• **WHAT TO DO**:
When you reach the line containing "Parasol de marché" in the entries below, begin reproducing lines exactly, and stop once the line containing "65 - PAIR OF" is done.

• **SUPPLIED DATA**:
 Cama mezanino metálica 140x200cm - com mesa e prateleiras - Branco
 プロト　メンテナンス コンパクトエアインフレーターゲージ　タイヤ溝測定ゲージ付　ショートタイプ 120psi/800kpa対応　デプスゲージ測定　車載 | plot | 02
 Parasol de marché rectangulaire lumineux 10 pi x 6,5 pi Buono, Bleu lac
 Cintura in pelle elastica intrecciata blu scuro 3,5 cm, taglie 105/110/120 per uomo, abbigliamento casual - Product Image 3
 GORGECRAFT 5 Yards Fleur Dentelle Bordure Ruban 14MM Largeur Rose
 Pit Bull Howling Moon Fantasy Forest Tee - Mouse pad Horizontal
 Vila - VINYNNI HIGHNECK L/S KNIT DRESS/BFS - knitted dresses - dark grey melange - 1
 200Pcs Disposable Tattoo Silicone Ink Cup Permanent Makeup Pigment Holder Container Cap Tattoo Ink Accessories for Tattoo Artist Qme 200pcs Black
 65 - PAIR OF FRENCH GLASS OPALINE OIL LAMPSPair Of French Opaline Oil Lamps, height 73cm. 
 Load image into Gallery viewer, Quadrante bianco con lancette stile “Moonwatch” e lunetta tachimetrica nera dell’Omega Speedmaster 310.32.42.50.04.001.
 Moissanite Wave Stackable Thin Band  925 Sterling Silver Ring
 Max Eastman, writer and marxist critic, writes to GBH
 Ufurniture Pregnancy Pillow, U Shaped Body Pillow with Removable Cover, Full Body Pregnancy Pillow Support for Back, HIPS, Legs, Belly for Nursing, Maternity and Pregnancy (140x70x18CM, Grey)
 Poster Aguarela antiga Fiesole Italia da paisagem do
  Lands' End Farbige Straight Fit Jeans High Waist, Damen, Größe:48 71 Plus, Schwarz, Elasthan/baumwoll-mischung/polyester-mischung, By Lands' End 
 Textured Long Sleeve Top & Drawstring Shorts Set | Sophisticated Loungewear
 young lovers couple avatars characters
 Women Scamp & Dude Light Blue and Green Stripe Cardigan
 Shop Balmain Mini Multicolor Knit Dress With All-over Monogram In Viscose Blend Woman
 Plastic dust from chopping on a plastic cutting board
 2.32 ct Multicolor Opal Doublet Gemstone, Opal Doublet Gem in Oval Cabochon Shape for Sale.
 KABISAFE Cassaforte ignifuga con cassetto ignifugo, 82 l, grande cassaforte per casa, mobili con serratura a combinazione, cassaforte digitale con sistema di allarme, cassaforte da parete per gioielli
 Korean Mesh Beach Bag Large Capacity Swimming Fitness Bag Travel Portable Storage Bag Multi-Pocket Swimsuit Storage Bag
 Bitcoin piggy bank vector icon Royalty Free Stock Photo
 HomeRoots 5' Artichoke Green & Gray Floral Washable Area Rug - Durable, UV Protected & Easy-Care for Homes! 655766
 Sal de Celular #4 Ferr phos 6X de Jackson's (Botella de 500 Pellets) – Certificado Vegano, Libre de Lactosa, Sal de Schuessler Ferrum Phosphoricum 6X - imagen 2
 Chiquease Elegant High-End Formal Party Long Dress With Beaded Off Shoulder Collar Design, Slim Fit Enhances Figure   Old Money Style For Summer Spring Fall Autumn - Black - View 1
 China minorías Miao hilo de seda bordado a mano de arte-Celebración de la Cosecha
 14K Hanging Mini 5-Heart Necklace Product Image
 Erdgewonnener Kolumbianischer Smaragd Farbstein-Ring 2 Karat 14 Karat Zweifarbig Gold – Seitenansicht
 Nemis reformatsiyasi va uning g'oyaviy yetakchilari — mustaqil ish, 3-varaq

• **TASK RESULT**:
 Parasol de marché rectangulaire lumineux 10 pi x 6,5 pi Buono, Bleu lac
 Cintura in pelle elastica intrecciata blu scuro 3,5 cm, taglie 105/110/120 per uomo, abbigliamento casual - Product Image 3
 GORGECRAFT 5 Yards Fleur Dentelle Bordure Ruban 14MM Largeur Rose
 Pit Bull Howling Moon Fantasy Forest Tee - Mouse pad Horizontal
 Vila - VINYNNI HIGHNECK L/S KNIT DRESS/BFS - knitted dresses - dark grey melange - 1
 200Pcs Disposable Tattoo Silicone Ink Cup Permanent Makeup Pigment Holder Container Cap Tattoo Ink Accessories for Tattoo Artist Qme 200pcs Black
 65 - PAIR OF FRENCH GLASS OPALINE OIL LAMPSPair Of French Opaline Oil Lamps, height 73cm. 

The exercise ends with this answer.